**THE PROBLEM:** Type the data below again exactly. Omit all pictures.

**SUPPLIED MATERIAL:**
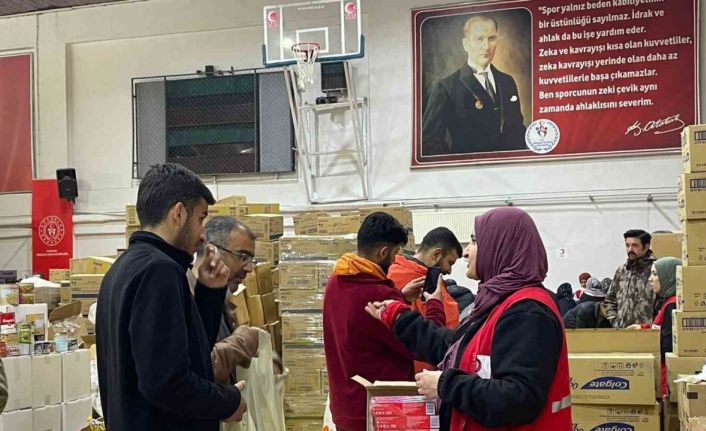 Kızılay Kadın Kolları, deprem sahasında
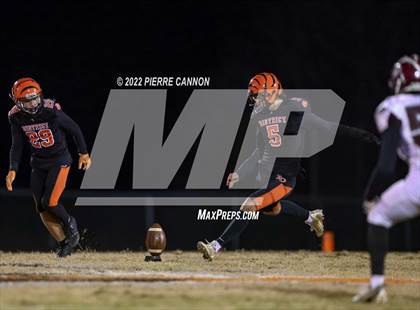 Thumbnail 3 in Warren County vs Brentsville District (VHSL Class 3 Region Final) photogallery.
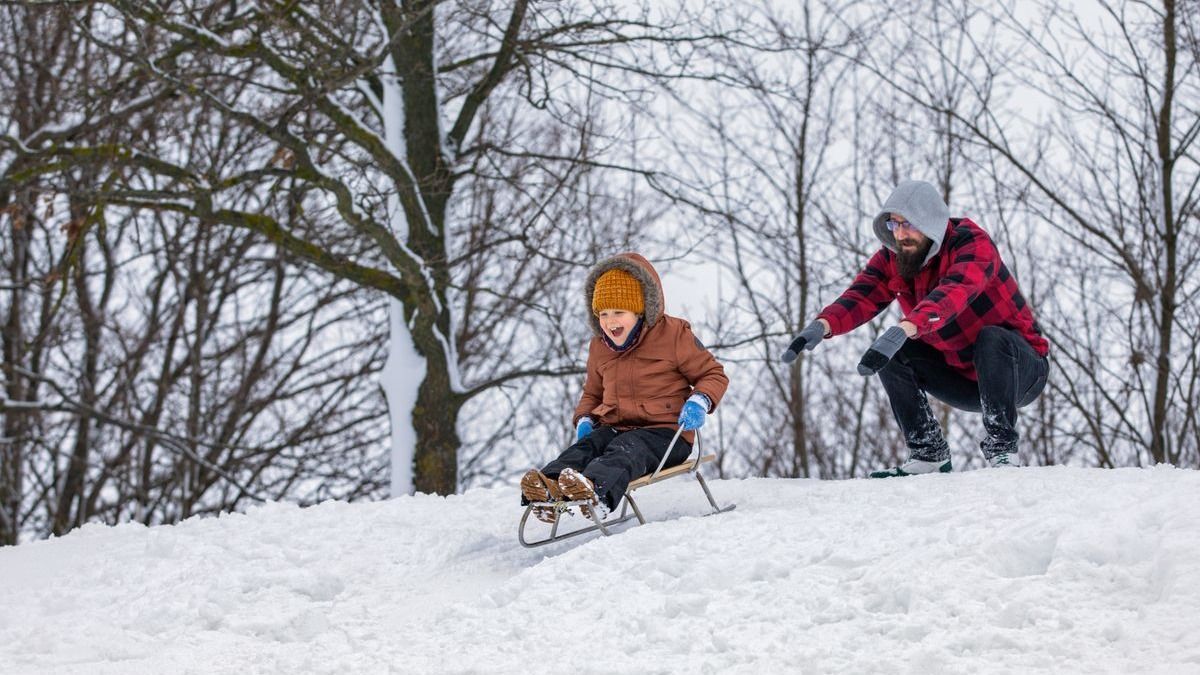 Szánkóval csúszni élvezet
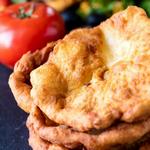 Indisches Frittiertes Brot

**THE COMPLETED TASK:**
 Kızılay Kadın Kolları, deprem sahasında
 Thumbnail 3 in Warren County vs Brentsville District (VHSL Class 3 Region Final) photogallery.
 Szánkóval csúszni élvezet
 Indisches Frittiertes Brot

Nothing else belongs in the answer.